Od lipca suwalczan czeka kolejny wzrost składek opłat za odbiór odpadów komunalnych.
Taką decyzję przegłosowali radni podczas ostatniej sesji Rady Miasta. Od 1. lipca kwota będzie ujednolicona - 33 złote od gospodarstwa domowego. Do tej pory w blokach wielorodzinnych mieszkańcy płacili 20 zł, a w domach jednorodzinnych 26 zł.
Głos w dyskusji zabrał Sławomir Sieczkowski z ugrupowania "Mieszkańcy Suwałk", który zauważył, że parę miesięcy wcześniej radni pochylali się nad podobną uchwałą kiedy to stawki zostały już podniesione. - Mieliśmy wtedy zapewnienie, że te stawki pozostaną na długi okres. Teraz słyszymy, że brak podwyżki grozi upadłością spółki PGO, a konsekwencje związane z tą stratą są przerzucane na mieszkańców. Słyszymy o wielu pomysłach jak zorganizować system odpadów komunalnych i oczekujemy od prezydenta kompleksowego rozwiązania w którym kierunku powinniśmy zmierzać, aby uchronić mieszkańców przed kolejnymi wzrostami. Pojawia się temat spalarni, ale do tego potrzebne są konsultacje z mieszkańcami podczas których dowiedzą się jaka miałby być jej lokalizacja i na jakich zasadach miałaby funkcjonować. Chodzi o to, aby podmiot prywatny nie mógł doprowadzić do kolejnego dyktatu cenowego tak jak ma to miejsce obecnie w przypadku spółek, które zajmują się spalaniem odpadów.

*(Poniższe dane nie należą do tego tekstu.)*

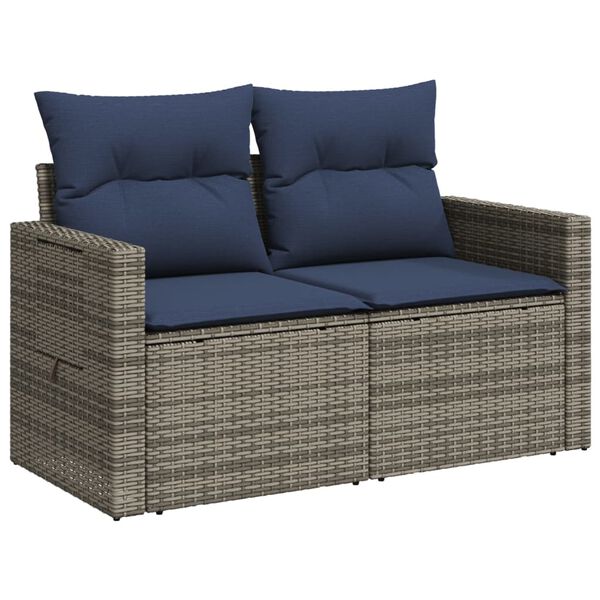 vidaXL Patio Sofa with Cushions 2-Seater Gray Poly Rattan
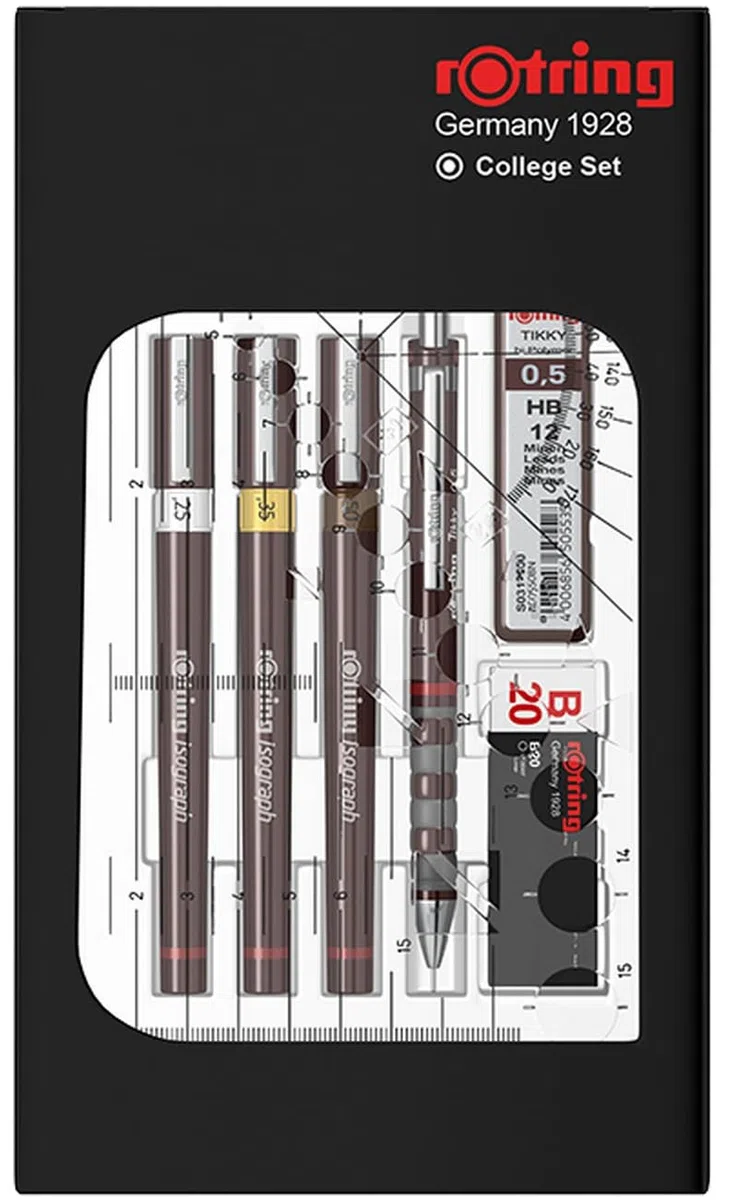 rOtring Isograph S0699380 - Juego de bolígrafo y lápiz de punta fina S0699380 | 3 bolígrafos técnicos (0,25 mm, 0,35 mm, 0,50 mm) y portaminas (0,5 mm) | Accesorios con cuaderno
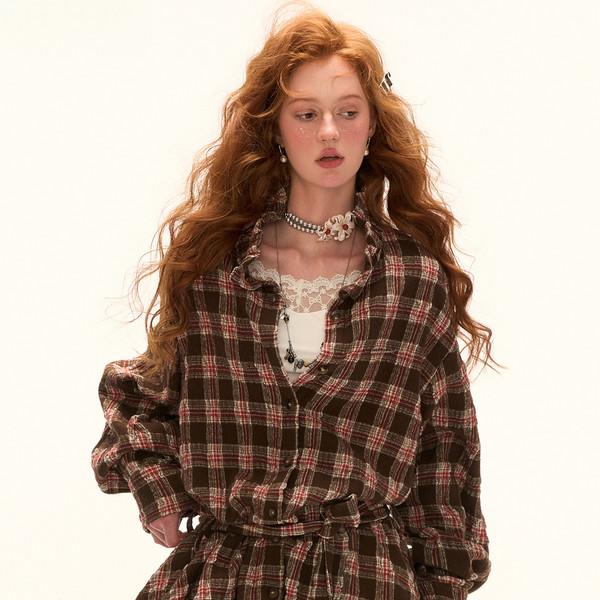 Rustic Plaid Bow Shirt Dress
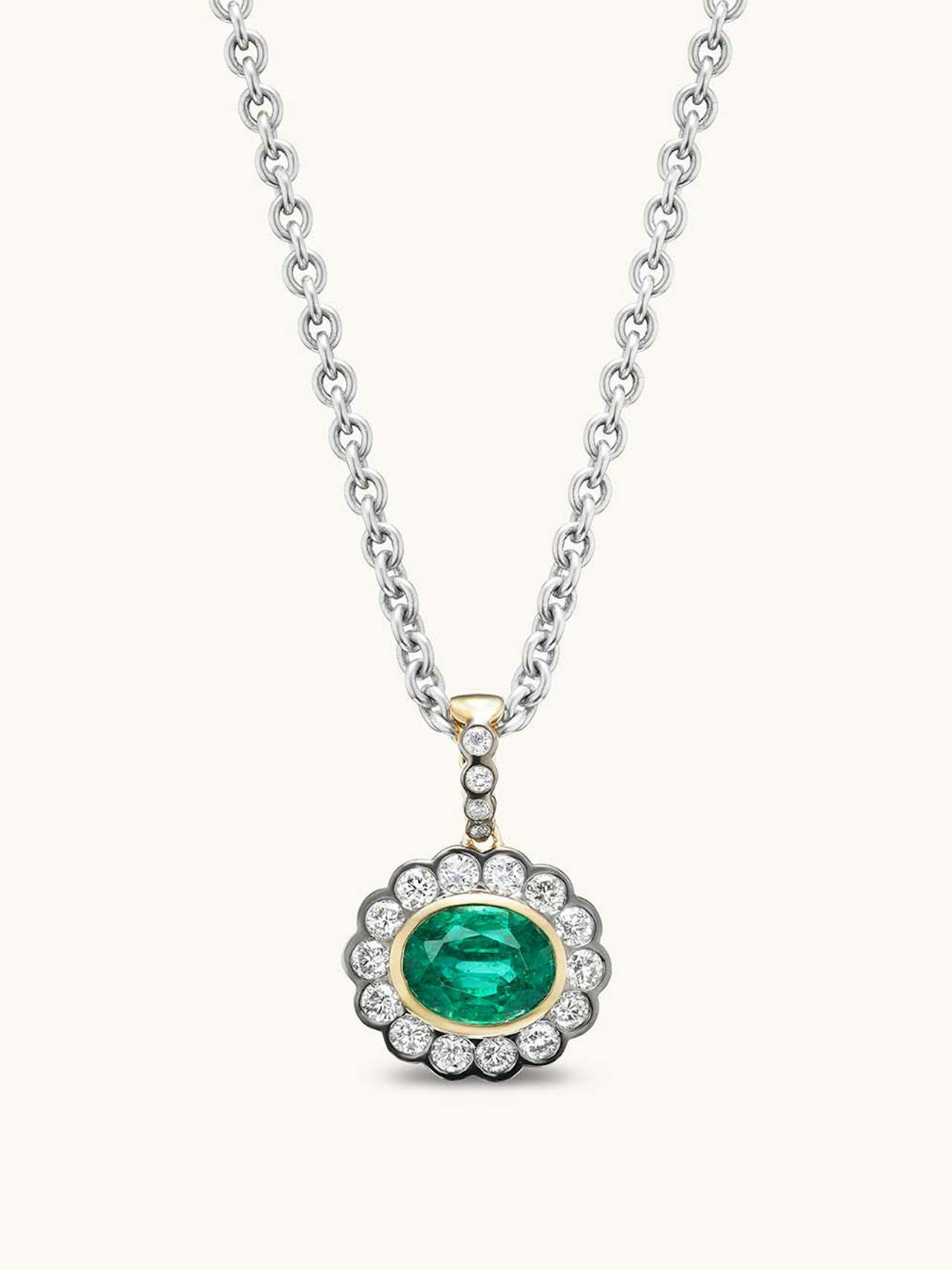 Alexandra charm necklace in emerald
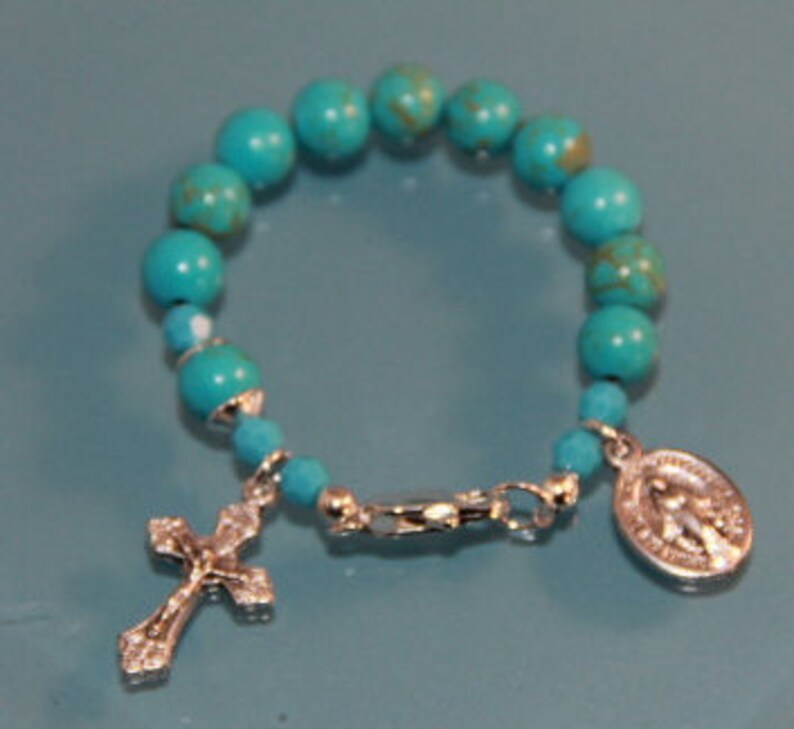 Catholic One Decade Rosary Baptism Bracelet for Boys Etsy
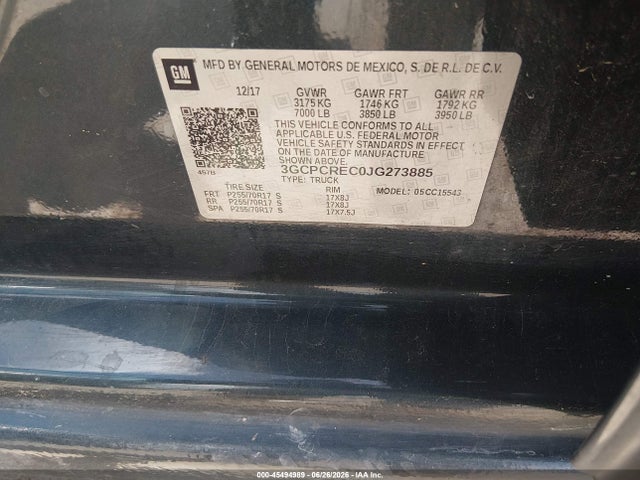Продаж на аукціоні авто 2018 Chevrolet Silverado 1500 1lt, vin: 3GCPCREC0JG273885, номер лоту: 45494989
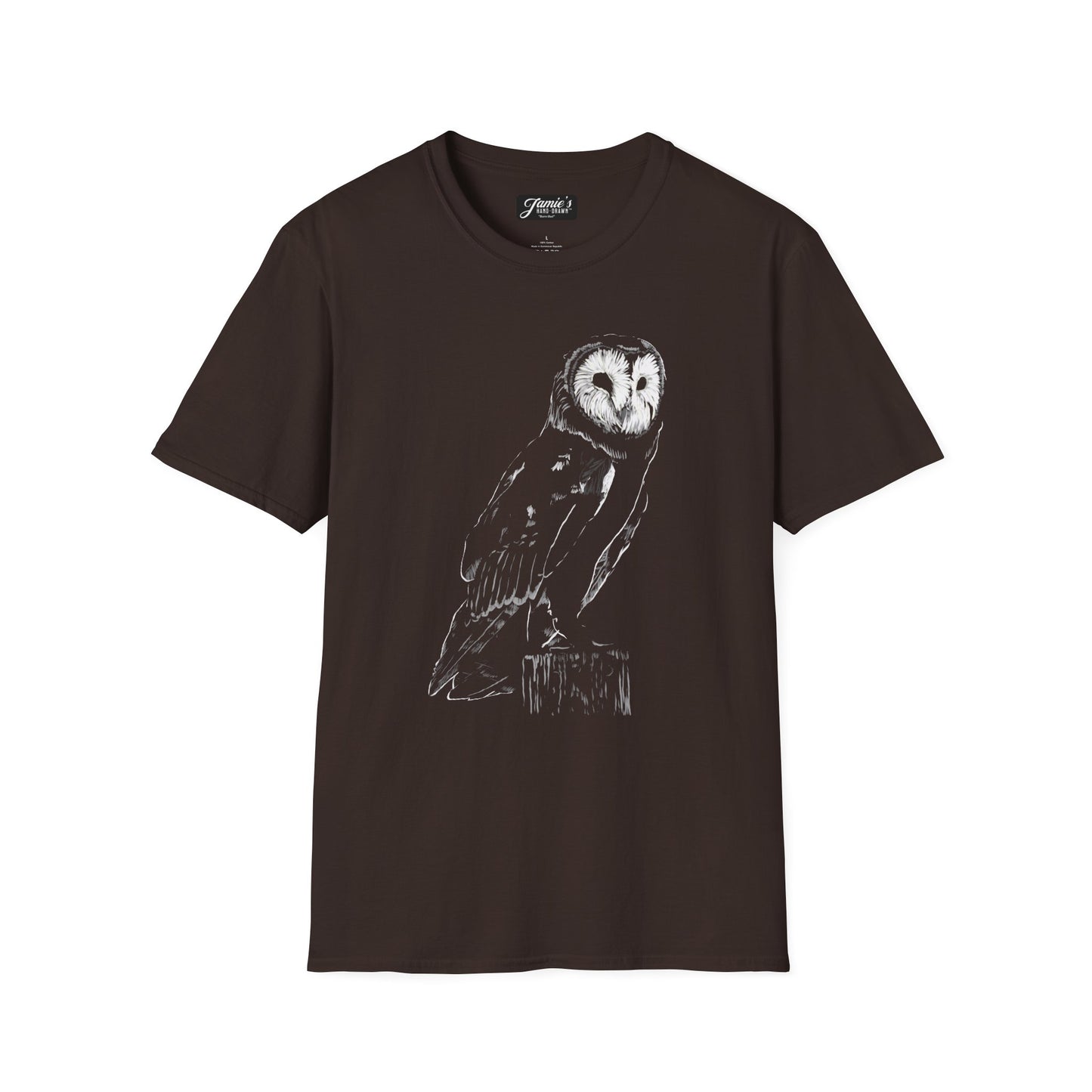 "Barn Owl" Jamie's Hand-Drawn Owl Collection Owl Graphic T-Shirt, Nature Lovers Tee, Unisex Softstyle Shirt, Gift for Birdwatchers, Eco-Friendly Apparel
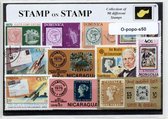 Postzegel op postzegel – Luxe postzegelpakket (A6 formaat) : collectie van 50 verschillende postzegels van postzegels – kan als ansichtkaart in een A6 envelop - authentiek cadeau - kado - geschenk - kaart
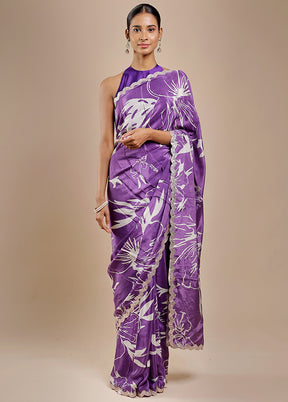 Purple Printed Pure Silk Saree Without Blouse Piece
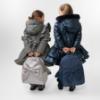 Picture of Caramelo Kids Girls Hooded Quilted School Coat With Bow - Navy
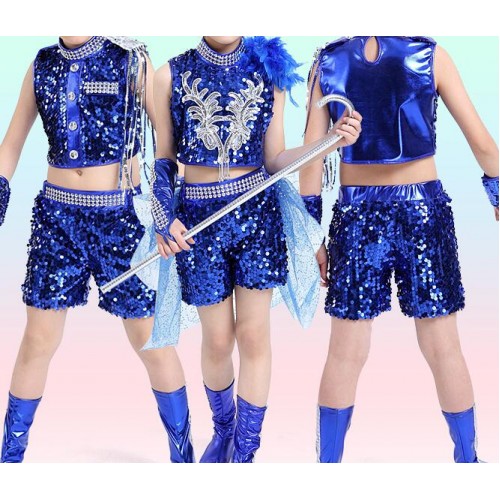 Royal blue black sequins paillette boys girls kids children school competition jazz dance costumes outfits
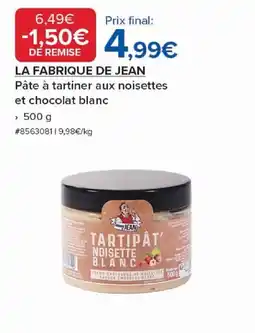 Costco LA FABRIQUE DE JEAN Pâte à tartiner aux noisettes et chocolat blanc offre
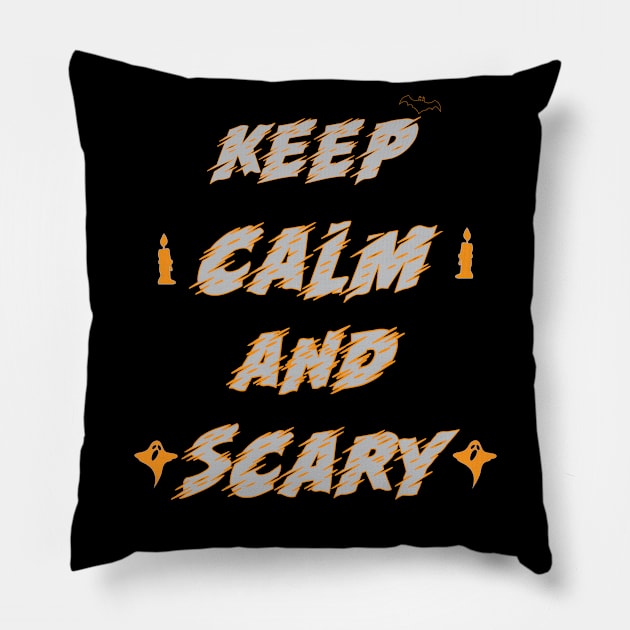 keep calm and scary shirt Pillow by MBshirtsboutique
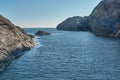 Beautiful landscape of rocky cliffs facing the sea in Flekkefjord, Norway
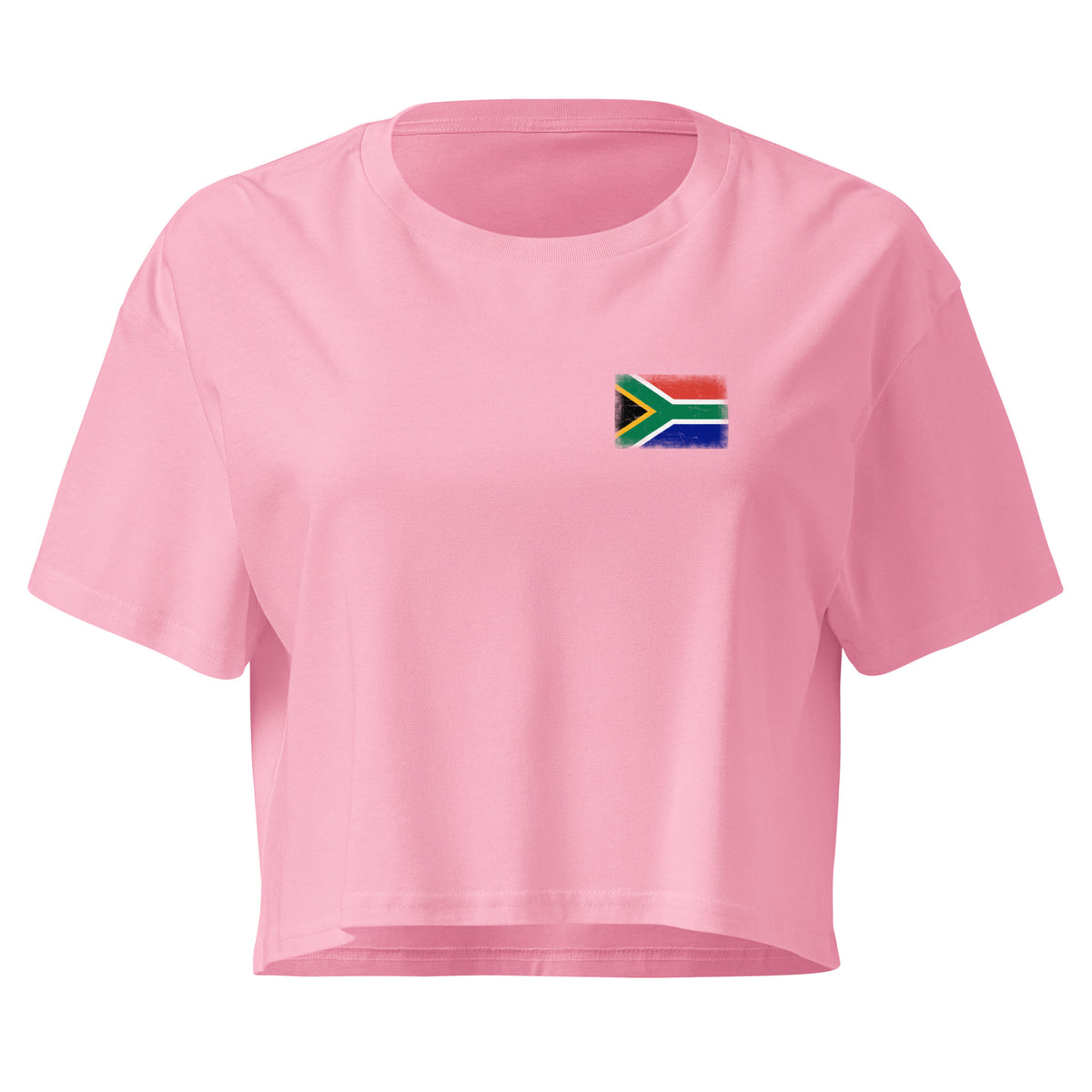South Africa flag crop top in Bubblegum, vintage-washed print, small flag on the left chest, women cut, front view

W odpowiedzi Łukasz Kurzyna, zastępca prezydenta Suwałk powiedział, że wzrost stawek spowodowany jest między innymi podwyżką cen, jaką narzuciła białostocka spalarnia. - Od kilku tygodni informujemy o tym, że bez radykalnej podwyżki stawek od mieszkańców, nie jesteśmy w stanie zbilansować systemu. Rok 2019 zamknął się nadwyżką w wysokości 400 tysięcy złotych. Wynikła ona z tego, że do PGO trafiło mniej śmieci niż planowaliśmy, a miasto zyskało większe niż planowano wpływy m.in. od przedsiębiorców. Natomiast nie byliśmy w stanie przewidzieć tego, że w kwietniu 2019 roku spalarnia w Białymstoku zaprzestanie odbioru odpadów frakcji wysokoenergetycznej nie tylko z Suwałk, ale z całego województwa. Góry śmieci rosną zresztą w całej Polsce. Powoduje to wzrost opłat, ale mimo podwyżki, suwalczanie za śmieci wciąż płacą prawie najmniej w kraju. W przeprowadzonych rankingach nasze miasto było pod tym względem do tej pory najtańszym w Polsce. Jedynie doprowadzenie do tego, aby w Suwałkach powstała spalarnia odpadów, da nam perspektywę na przyszłość, aby ustabilizować ceny odpadów. Mamy inwestora, który jest w stanie wyłożyć z własnych środków 200 mln zł - zapewniał Kurzyna.
- To czy My jako mieszkańcy segregujemy śmieci ma wpływ na to, jakie ceny uzyskuje później za nie PGO. Czy mamy tyle odwagi powiedzieć sąsiadowi, że wyrzucając wszystkie śmieci razem ma to wpływ na nasze rachunki? Odwaga cywilna w tej chwili jest nam wszystkim potrzebna. Jest też drugi sposób, by w ogóle ograniczyć liczbę śmieci. Musimy zastanawiać się przy wyborach konsumenckich czy dana rzecz jest nam potrzebna, czy ta plastikowa zabawka za rok nie pójdzie do kosza - powiedział z kolei Wojciech Pająk, przewodniczący klubu "Łączą nas Suwałki".
Ostatecznie radni podwyżki przyjęli. Za było 13 rajców, siedem osób wstrzymało się od głosu i jedna była przeciw.